Like local rival AngloGold Ashanti Ltd., Gold Fields has shifted focus to more profitable mines in Ghana, Australia and Latin America as the industry in South Africa dwindles amid power cuts, soaring costs and the geological challenges of exploiting the world's deepest deposits. Griffith, who took over as CEO from Nick Holland in April, would prefer to expand in regions where the company already operates though he doesn't rule out deals in new jurisdictions.
Still, the company doesn't want to overpay for assets, nor add output for its own sake, he said.

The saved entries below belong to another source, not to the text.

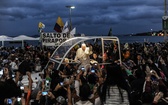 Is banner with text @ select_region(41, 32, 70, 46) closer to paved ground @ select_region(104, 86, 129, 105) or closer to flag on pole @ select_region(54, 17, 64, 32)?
flag on pole @ select_region(54, 17, 64, 32)

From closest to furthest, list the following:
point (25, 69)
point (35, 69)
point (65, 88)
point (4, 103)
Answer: point (4, 103) < point (65, 88) < point (25, 69) < point (35, 69)

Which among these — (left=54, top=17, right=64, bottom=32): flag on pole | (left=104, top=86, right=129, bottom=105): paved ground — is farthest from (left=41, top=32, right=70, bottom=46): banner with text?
(left=104, top=86, right=129, bottom=105): paved ground

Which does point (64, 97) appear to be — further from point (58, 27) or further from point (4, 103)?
point (58, 27)

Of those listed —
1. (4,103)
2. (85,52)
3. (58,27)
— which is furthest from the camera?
(58,27)

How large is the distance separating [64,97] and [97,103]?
1920mm

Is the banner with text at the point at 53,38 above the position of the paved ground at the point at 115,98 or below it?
above

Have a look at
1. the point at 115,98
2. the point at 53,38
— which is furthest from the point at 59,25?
the point at 115,98

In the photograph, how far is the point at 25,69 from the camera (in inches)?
347

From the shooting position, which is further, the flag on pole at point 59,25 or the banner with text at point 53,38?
the flag on pole at point 59,25

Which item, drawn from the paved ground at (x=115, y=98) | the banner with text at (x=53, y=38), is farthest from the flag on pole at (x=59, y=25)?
the paved ground at (x=115, y=98)

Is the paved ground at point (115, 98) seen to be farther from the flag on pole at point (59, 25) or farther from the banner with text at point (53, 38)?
the flag on pole at point (59, 25)

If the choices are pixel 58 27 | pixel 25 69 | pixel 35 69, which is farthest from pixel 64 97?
pixel 58 27

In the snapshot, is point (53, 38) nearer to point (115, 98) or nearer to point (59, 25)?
point (59, 25)

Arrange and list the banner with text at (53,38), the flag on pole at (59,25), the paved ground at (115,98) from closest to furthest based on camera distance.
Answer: the paved ground at (115,98) → the banner with text at (53,38) → the flag on pole at (59,25) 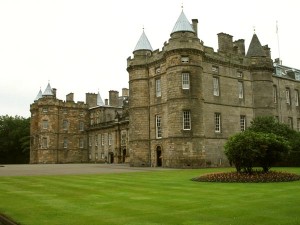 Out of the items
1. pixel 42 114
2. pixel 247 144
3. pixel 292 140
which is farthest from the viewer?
pixel 42 114

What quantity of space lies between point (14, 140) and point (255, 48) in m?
49.2

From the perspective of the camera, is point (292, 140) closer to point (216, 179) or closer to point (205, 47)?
point (205, 47)

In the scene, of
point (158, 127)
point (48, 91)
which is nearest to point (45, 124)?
point (48, 91)

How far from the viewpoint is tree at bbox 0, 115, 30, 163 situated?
69.1 meters

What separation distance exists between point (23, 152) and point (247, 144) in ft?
198

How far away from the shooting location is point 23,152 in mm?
71250

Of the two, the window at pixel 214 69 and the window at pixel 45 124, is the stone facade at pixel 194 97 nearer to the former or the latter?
the window at pixel 214 69

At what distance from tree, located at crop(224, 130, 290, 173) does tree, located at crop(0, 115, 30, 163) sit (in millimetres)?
55773

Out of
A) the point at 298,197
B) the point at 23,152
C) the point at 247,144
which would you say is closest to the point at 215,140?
the point at 247,144

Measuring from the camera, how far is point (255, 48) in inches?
1658

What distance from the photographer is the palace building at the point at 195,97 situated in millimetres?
34562

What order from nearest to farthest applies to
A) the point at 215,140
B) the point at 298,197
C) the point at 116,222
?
the point at 116,222 → the point at 298,197 → the point at 215,140

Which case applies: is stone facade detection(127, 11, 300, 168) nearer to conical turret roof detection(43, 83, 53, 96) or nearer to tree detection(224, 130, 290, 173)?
tree detection(224, 130, 290, 173)

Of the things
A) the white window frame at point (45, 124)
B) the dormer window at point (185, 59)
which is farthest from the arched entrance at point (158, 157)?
the white window frame at point (45, 124) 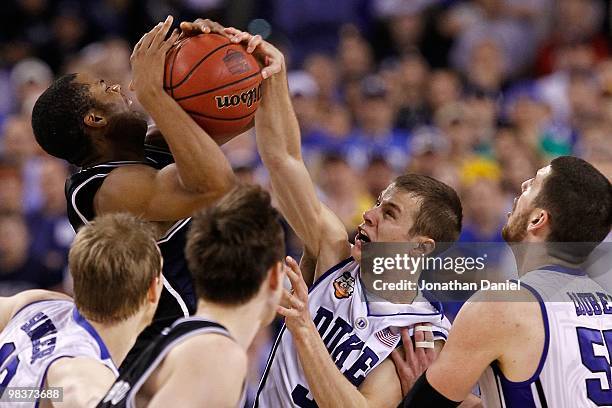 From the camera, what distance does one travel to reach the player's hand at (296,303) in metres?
3.98

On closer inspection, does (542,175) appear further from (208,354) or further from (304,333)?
(208,354)

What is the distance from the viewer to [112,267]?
11.6 feet

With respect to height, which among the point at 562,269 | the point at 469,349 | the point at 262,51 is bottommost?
the point at 469,349

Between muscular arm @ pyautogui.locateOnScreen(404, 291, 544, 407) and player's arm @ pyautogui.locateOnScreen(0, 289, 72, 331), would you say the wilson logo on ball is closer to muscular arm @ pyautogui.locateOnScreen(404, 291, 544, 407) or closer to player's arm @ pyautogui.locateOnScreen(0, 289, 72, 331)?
player's arm @ pyautogui.locateOnScreen(0, 289, 72, 331)

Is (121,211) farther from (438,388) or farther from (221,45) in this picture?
(438,388)

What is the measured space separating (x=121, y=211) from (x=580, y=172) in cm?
174

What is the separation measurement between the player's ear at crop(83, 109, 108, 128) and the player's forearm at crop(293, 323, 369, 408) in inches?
44.2

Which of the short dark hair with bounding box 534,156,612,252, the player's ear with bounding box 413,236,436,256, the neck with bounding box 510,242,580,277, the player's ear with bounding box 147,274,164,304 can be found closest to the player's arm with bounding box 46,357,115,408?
the player's ear with bounding box 147,274,164,304

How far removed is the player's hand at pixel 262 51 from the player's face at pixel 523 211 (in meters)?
1.09

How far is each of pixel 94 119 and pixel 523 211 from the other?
170cm

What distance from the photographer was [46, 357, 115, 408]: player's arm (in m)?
3.42

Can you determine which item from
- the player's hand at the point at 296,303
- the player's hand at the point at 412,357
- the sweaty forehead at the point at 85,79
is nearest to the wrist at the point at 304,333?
the player's hand at the point at 296,303

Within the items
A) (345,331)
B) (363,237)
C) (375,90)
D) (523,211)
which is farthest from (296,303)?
(375,90)

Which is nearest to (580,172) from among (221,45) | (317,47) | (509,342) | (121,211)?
(509,342) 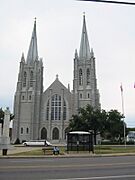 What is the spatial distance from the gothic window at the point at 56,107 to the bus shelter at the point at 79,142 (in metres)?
54.9

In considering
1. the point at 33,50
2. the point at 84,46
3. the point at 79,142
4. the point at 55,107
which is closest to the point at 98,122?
the point at 55,107

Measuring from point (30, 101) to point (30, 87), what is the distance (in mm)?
4902

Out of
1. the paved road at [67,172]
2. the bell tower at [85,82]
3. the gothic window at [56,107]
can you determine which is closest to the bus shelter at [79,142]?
the paved road at [67,172]

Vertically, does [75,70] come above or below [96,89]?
above

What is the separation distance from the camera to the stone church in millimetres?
85113

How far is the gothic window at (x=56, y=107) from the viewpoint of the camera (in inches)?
3401

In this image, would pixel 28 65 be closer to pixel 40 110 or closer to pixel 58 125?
pixel 40 110

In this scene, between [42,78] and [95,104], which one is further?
[42,78]

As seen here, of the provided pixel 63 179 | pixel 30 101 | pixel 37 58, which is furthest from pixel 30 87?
pixel 63 179

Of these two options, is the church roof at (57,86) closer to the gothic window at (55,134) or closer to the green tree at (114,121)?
the gothic window at (55,134)

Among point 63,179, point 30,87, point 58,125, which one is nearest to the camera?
point 63,179

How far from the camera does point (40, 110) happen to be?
88.5 m

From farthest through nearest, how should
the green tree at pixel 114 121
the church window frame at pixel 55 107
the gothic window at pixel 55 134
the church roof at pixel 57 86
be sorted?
the church roof at pixel 57 86 → the church window frame at pixel 55 107 → the gothic window at pixel 55 134 → the green tree at pixel 114 121

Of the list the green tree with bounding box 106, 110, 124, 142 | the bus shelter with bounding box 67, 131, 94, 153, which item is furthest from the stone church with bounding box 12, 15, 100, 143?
the bus shelter with bounding box 67, 131, 94, 153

"We have developed a quality portfolio and it doesn't help that we buy assets that are going to push us up the cost curve," the CEO said.
Despite Covid-19 disruptions, production this year is supported by the turnaround at South Deep, the company's last mine in South Africa. Gold Fields, founded by Cecil Rhodes in 1887, has been under investor pressure to end years of losses at the mine, which sits on the world's third-biggest known body of gold-bearing ore. Improving efficiency will allow South Deep's output to rise by 20% to 30% a year, Griffith said.
"South Deep fits the portfolio, it's an asset we would like to retain and seek to continue driving its productivity and improvement," he said.
First-half profit more than doubled to $387.4 million from a year earlier. The company will pay a dividend of 2.10 rand per share, sticking to its policy paying 25% to 35% of headline earnings to investors.
Gold Fields climbed 4.4% as of 11:56 a.m. in Johannesburg.
What Bloomberg Intelligence Says
"Growth-ambition intentions expressed by Gold Fields' new CEO Chris Griffith -- including "value-accretive acquisition opportunities" and in-production assets to boost the production base beyond 2030 -- appear to be a step in the right direction to closing the valuation gap vs. peers. Gold Fields is starting to focus on both organic and M&A options to bolster output beyond 2024, when the company's Salares Norte project bumps up gold output 15-20%.